### [Task details]
Without the pictures, write out all the lines below exactly as they appear.

──────── Data to examine

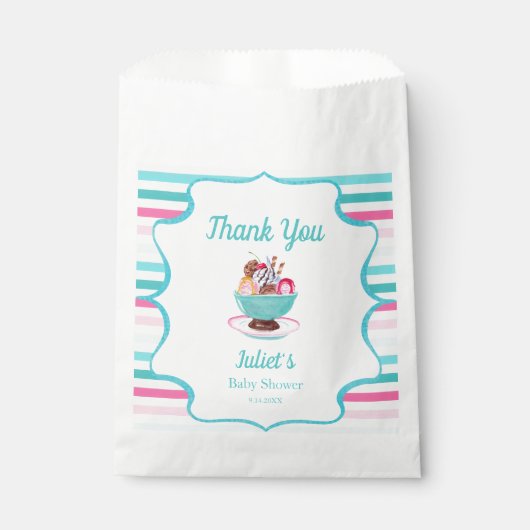 Sachets En Papier Aquarelle Crème glacée Baby shower Sundae (Devant)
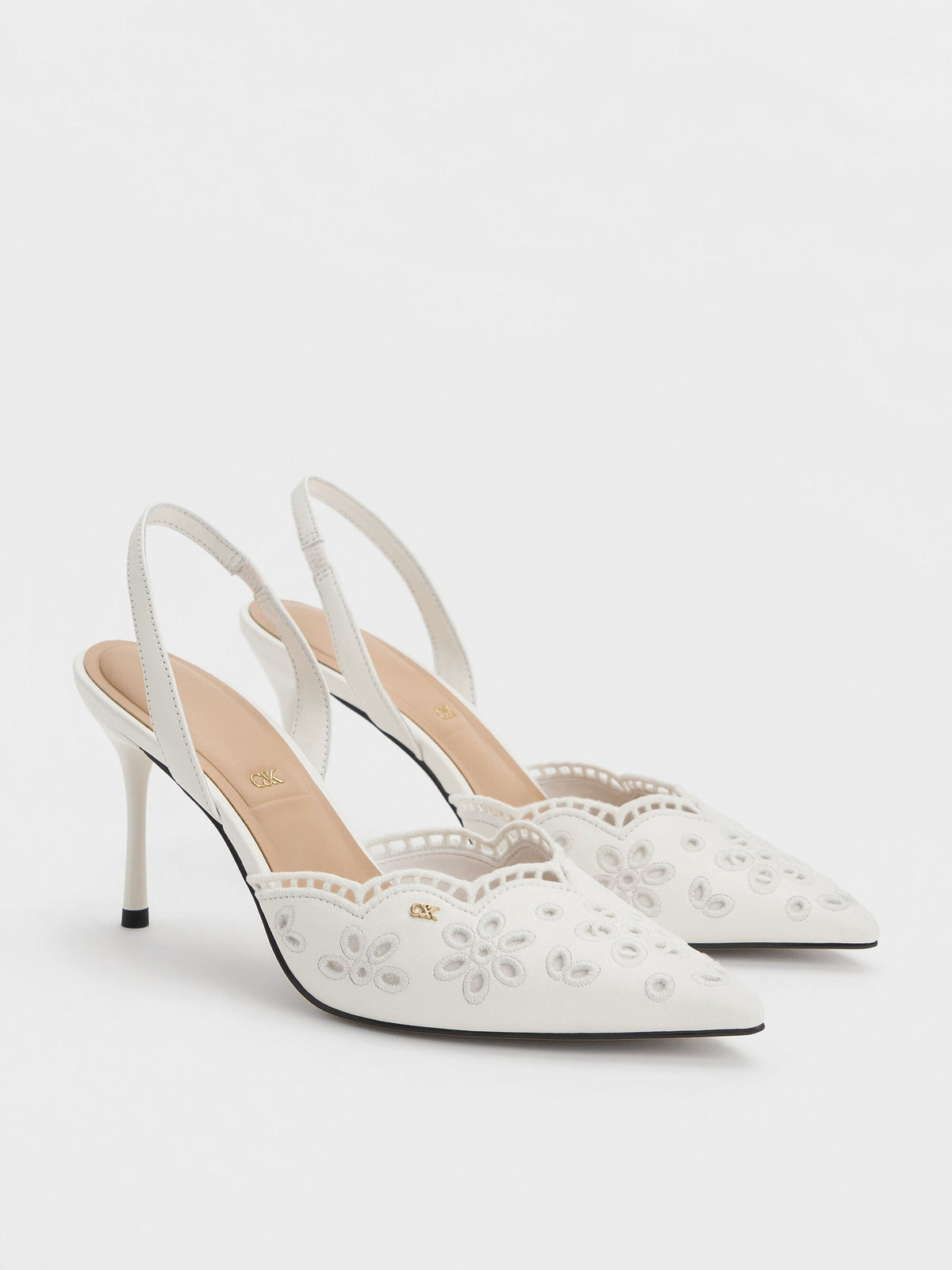 CHARLES & KEITH Everyday | Leather Embroidered Pointed Slingback Pumps - White
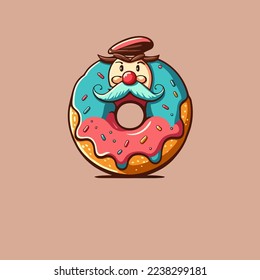 illustration of donut bakery store logo cartoon doughnut icon or label and cafe menu in vector flat color style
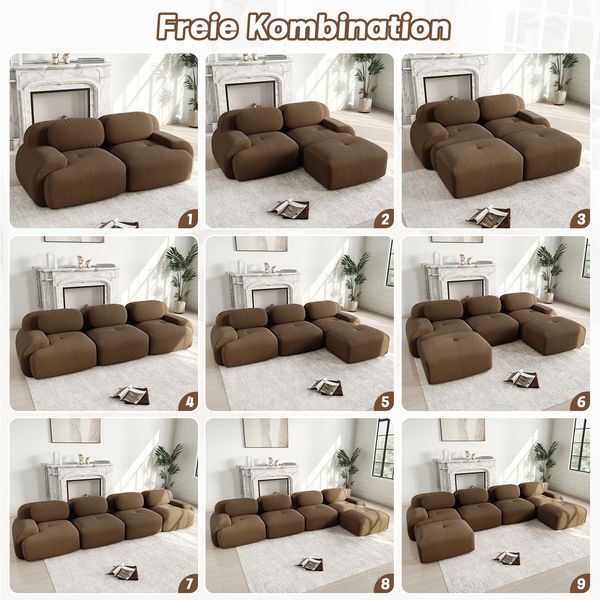Modulares Ecksofa H 75 x T 298 x B 178 cm aus Cordstoff, rahmenlos, ergonomisch Bild 4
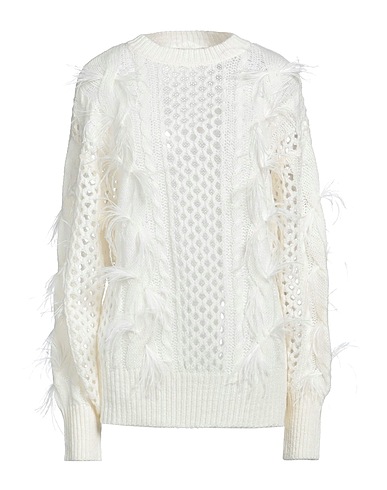 TWINSET Jumper Ivory 45% Acrylic, 27% Wool, 19% Alpaca wool, 9% Polyester, Ostrich feathers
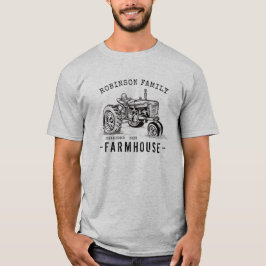 Vintage Tractor for Family Namn Farmhouse Rustic  T Shirt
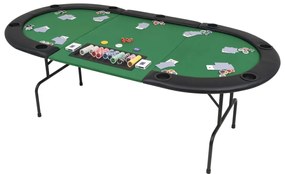 Mesa de póquer dobrável em três 9 jogadores verde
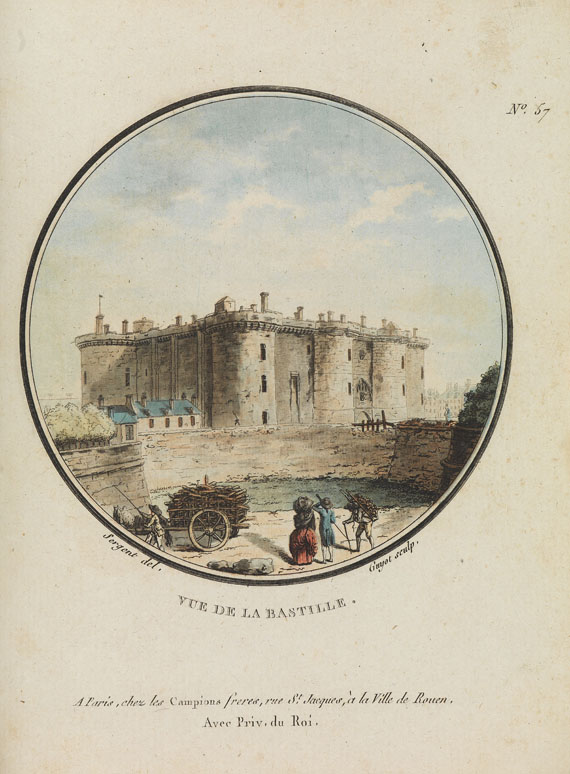 Janinet, J.-F. - Vues pittoresques ... de Paris. Kupfer aus 2 Folgen in 1 Bd. Um 1790.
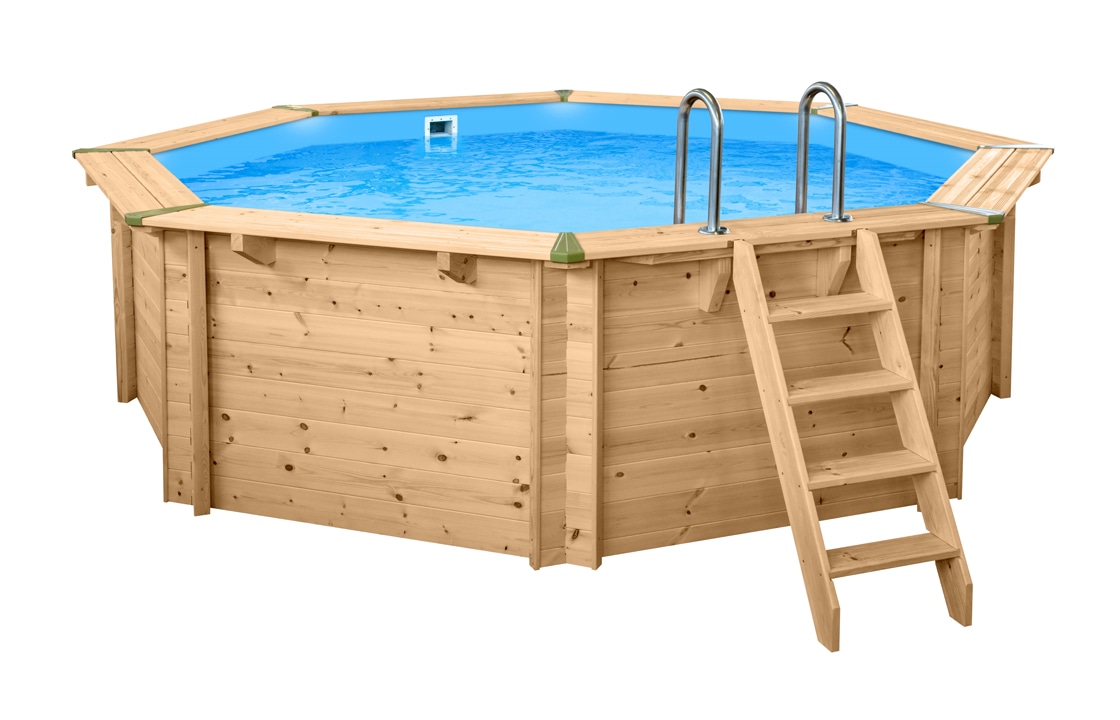 Holzpool "Java" &oslash; 4,40 m/ 1,36m POOLROBOTER SUPER SET 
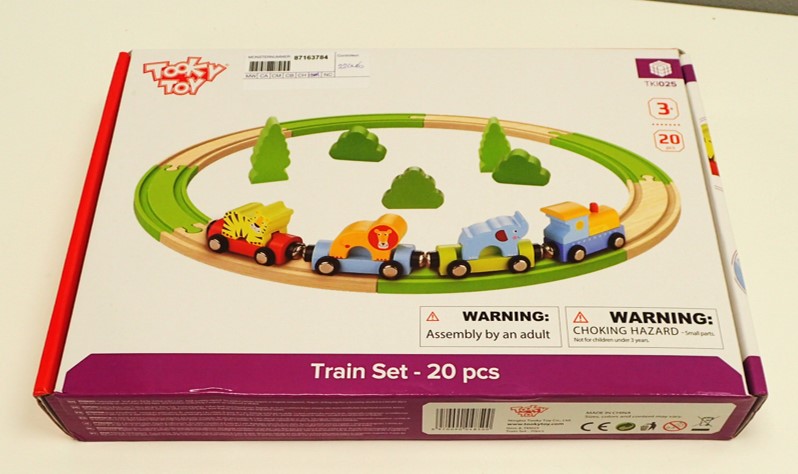 Plaatje van Tooky Toy - Trainset - Houten treinset dieren Tooky Toy 20 dlg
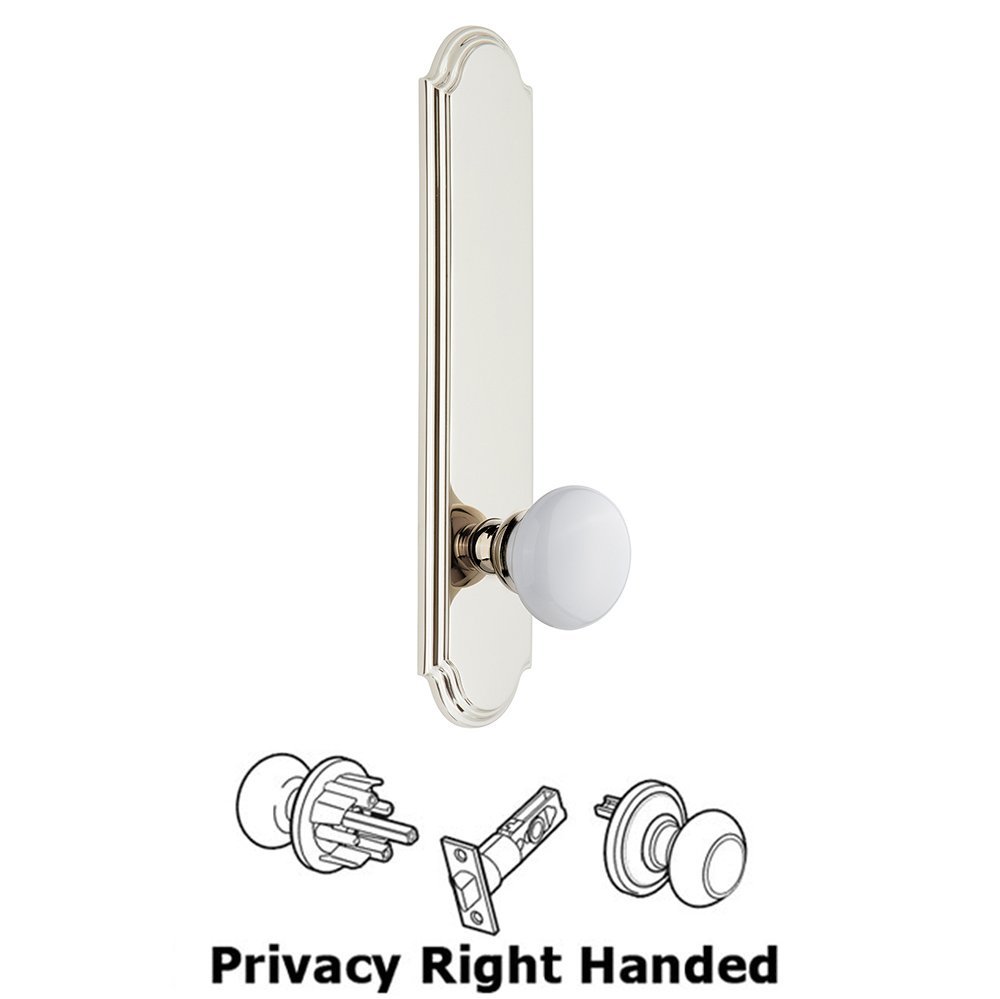 Grandeur Tall Plate Privacy with Hyde Park Right Handed Knob in Polished Nickel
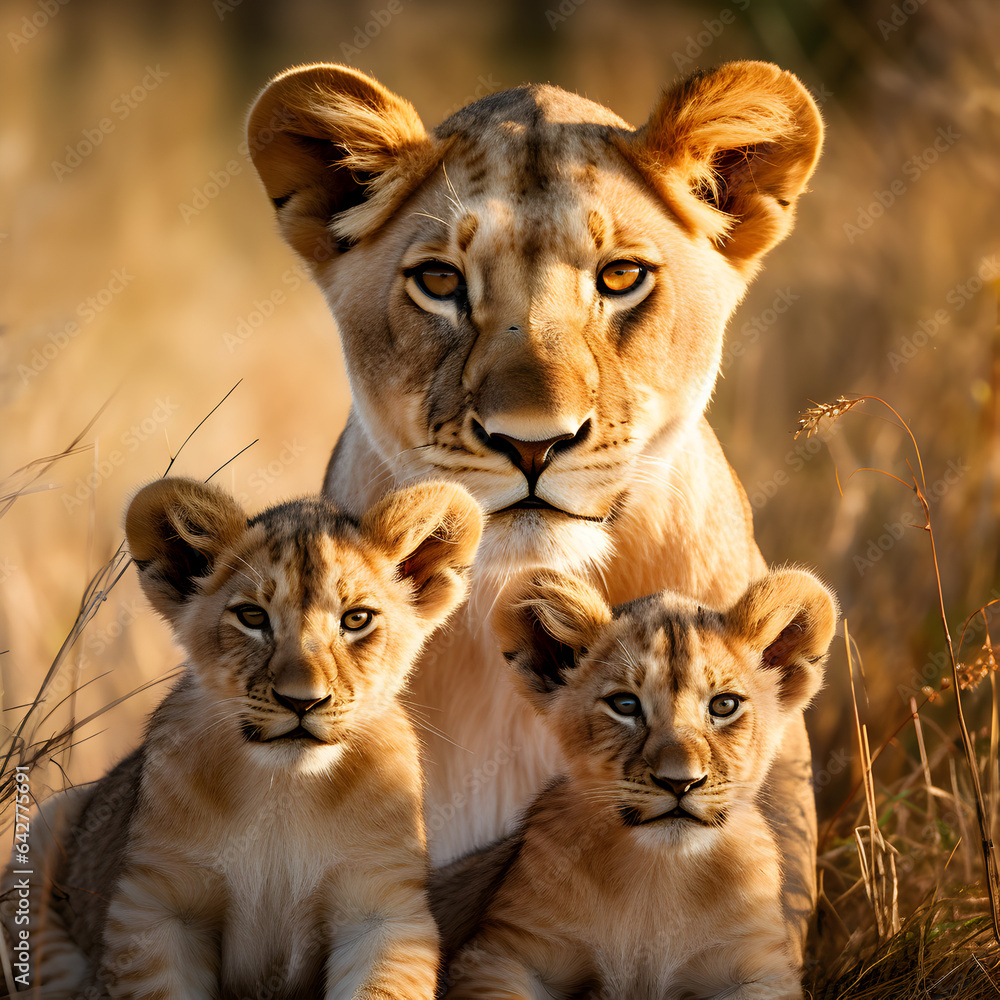 A mother lioness with her two lion cubs. A concept of animals and nature in Africa. Generative ai. A mother lioness with her two lion cubs. A concept of animals and nature in Africa. Generative ai.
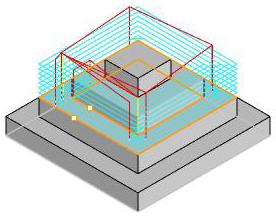 Roughing Toolpath generated for the Flat Area Feature Roughing Toolpath generated for the Flat Area Feature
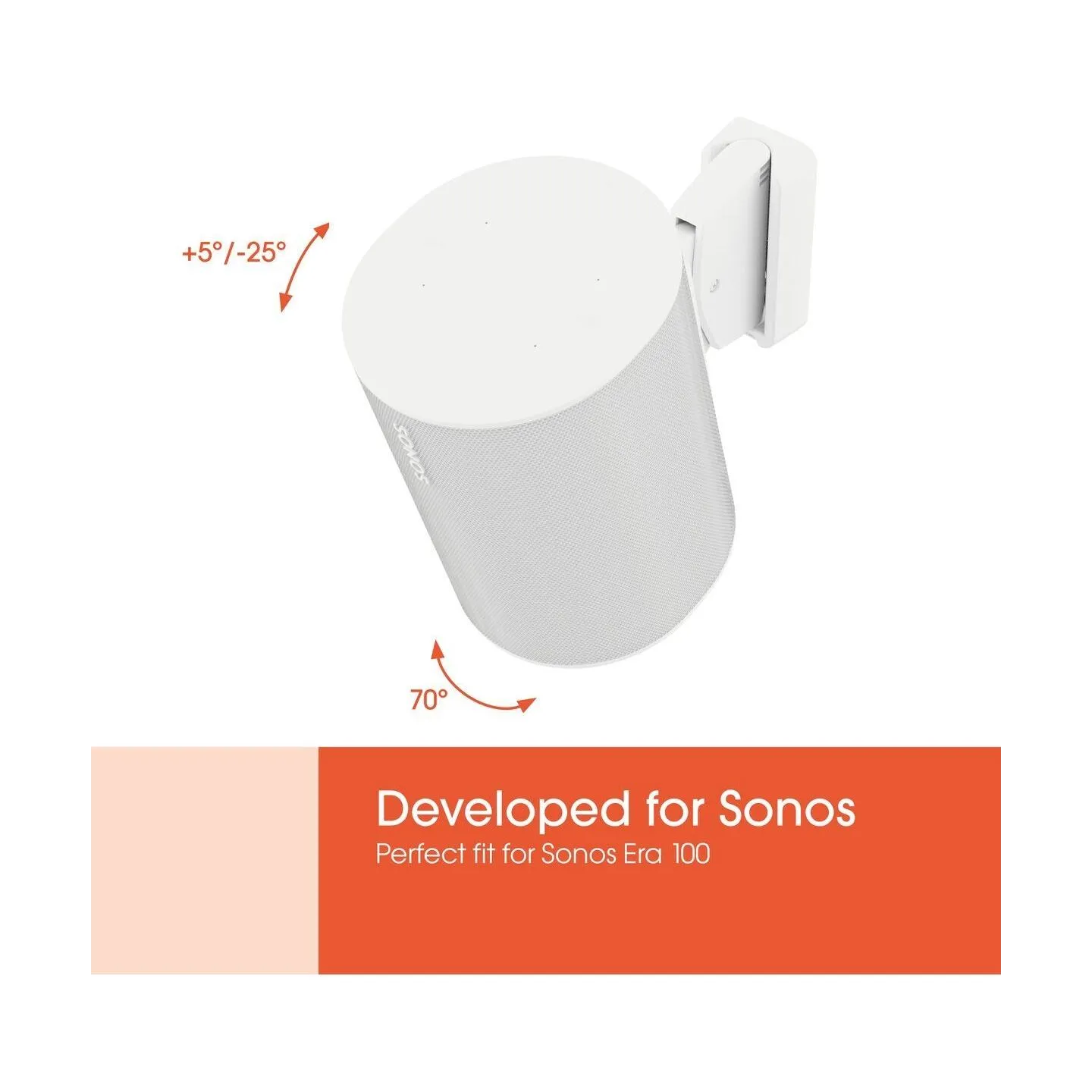 Vogels Wall mount | Speaker Wall Mount for Sonos Era 100 | Tilt, rotate | Maximum weight (capacity) 7 kg | White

────────────────

### [Output]
 Sachets En Papier Aquarelle Crème glacée Baby shower Sundae (Devant)
 CHARLES & KEITH Everyday | Leather Embroidered Pointed Slingback Pumps - White
 illustration of donut bakery store logo cartoon doughnut icon or label and cafe menu in vector flat color style
Modulares Ecksofa H 75 x T 298 x B 178 cm aus Cordstoff, rahmenlos, ergonomisch Bild 4
 TWINSET Jumper Ivory 45% Acrylic, 27% Wool, 19% Alpaca wool, 9% Polyester, Ostrich feathers
 Vintage Tractor for Family Namn Farmhouse Rustic  T Shirt
 Mesa de póquer dobrável em três 9 jogadores verde
 Janinet, J.-F. - Vues pittoresques ... de Paris. Kupfer aus 2 Folgen in 1 Bd. Um 1790.
 Holzpool "Java" &oslash; 4,40 m/ 1,36m POOLROBOTER SUPER SET 
 Plaatje van Tooky Toy - Trainset - Houten treinset dieren Tooky Toy 20 dlg
 Grandeur Tall Plate Privacy with Hyde Park Right Handed Knob in Polished Nickel
 A mother lioness with her two lion cubs. A concept of animals and nature in Africa. Generative ai. A mother lioness with her two lion cubs. A concept of animals and nature in Africa. Generative ai.
 Roughing Toolpath generated for the Flat Area Feature Roughing Toolpath generated for the Flat Area Feature
 Vogels Wall mount | Speaker Wall Mount for Sonos Era 100 | Tilt, rotate | Maximum weight (capacity) 7 kg | White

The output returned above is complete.